Il 23 maggio non sarà premiato solo il campione della tappa del Giro d’Italia che passerà ad Aosta.
Sul podio della zona Giroland, allestita in occasione della corsa nel piazzale telecabina Aosta-Pila, saliranno nel primo pomeriggio anche gli studenti delle classi seconda e terza della scuola primaria di Gressan Capoluogo, vincitori del progetto Biciscuola.

L’iniziativa porta da 24 anni tra i banchi di scuola l’emozione del Giro d’Italia, proponendo alle classi iscritte un contest che premia gli studenti vincitori sul palco allestito il giorno della rispettiva tappa.
Quest’anno, l’elaborato creativo migliore tra le classi valdostani coinvolte è stato realizzato dai bambini di Gressan, che con l’aiuto di insegnanti e famiglie hanno realizzato un video sul concetto di empatia.
“Tra i temi proposti c’era una riflessione sulle dieci regole dell’empatia”, spiega la maestra Vittoria Cacace. “Tra i vari formati creativi, abbiamo scelto di realizzare un video con l’aiuto del papà di un’alunna, che fa il videomaker di professione”.

Partendo da una riflessione svolta in classe sul concetto di empatia, le maestre hanno guidato i bambini nella realizzazione di un video in cui la tematica fosse collegata al ciclismo.
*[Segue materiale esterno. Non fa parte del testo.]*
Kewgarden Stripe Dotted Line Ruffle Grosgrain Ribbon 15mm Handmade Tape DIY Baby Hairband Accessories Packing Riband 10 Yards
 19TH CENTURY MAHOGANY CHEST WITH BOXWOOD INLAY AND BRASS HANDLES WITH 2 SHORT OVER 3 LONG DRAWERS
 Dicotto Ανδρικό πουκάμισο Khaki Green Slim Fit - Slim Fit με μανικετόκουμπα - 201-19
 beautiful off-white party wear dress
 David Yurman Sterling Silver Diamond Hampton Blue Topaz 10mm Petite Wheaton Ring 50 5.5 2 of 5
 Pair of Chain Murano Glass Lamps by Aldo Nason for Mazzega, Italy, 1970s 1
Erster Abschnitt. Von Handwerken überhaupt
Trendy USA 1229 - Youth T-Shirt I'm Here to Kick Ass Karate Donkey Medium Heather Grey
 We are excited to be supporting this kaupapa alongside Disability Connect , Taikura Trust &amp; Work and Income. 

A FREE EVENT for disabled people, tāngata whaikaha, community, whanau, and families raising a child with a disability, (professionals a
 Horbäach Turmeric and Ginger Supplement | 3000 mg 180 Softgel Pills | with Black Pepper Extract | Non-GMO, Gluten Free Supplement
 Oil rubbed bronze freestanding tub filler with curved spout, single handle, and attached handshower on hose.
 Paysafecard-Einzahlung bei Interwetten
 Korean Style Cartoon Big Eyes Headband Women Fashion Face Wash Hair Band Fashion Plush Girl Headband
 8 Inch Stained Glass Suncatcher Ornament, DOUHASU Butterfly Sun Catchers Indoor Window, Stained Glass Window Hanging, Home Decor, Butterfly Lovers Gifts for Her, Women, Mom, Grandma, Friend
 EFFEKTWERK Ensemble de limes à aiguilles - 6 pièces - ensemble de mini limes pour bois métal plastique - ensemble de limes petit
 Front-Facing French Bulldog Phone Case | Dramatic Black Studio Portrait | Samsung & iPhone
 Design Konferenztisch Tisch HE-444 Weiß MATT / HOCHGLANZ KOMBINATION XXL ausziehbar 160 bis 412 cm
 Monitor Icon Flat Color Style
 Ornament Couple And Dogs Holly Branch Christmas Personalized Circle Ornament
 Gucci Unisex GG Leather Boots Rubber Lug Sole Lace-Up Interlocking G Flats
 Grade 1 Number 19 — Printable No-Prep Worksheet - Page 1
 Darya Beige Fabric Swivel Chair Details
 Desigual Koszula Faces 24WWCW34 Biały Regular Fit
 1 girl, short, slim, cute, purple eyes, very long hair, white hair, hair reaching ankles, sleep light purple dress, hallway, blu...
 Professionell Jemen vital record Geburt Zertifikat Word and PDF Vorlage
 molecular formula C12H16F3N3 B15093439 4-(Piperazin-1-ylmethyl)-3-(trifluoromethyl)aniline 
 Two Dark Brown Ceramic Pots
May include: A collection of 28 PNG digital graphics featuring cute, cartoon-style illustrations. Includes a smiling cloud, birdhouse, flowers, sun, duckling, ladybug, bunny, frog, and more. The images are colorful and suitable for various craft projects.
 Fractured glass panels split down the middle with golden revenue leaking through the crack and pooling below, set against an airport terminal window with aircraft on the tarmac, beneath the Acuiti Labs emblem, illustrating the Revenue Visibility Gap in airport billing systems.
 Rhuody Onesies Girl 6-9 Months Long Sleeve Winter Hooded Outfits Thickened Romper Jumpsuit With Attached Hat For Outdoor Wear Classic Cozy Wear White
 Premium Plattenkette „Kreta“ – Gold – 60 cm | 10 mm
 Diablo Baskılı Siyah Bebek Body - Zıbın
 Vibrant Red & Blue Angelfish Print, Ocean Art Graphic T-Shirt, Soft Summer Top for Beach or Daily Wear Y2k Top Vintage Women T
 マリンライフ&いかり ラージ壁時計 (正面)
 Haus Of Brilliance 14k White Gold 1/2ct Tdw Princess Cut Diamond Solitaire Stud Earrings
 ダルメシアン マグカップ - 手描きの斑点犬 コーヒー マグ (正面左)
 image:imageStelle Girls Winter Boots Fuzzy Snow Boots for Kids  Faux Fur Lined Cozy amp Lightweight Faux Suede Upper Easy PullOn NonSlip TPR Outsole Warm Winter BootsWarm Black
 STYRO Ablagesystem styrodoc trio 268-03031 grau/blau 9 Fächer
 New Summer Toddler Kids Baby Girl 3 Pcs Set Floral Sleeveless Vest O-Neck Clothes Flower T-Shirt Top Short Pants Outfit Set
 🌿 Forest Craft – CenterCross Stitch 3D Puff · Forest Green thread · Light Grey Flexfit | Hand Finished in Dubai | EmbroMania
Il risultato è un cortometraggio divertente e commovente al tempo stesso, dove fanno da protagonisti un nonno e il suo nipote.
Il nonno, immobilizzato sulla carrozzina, sente il bambino raccontare ciò che ha appreso a scuola sul concetto di empatia e sul passaggio del Giro d’Italia a Gressan. Allora, il nonno si dilunga nel racconto dei tempi andati, in cui andava in bici e sognava di partecipare alle corse ciclistiche.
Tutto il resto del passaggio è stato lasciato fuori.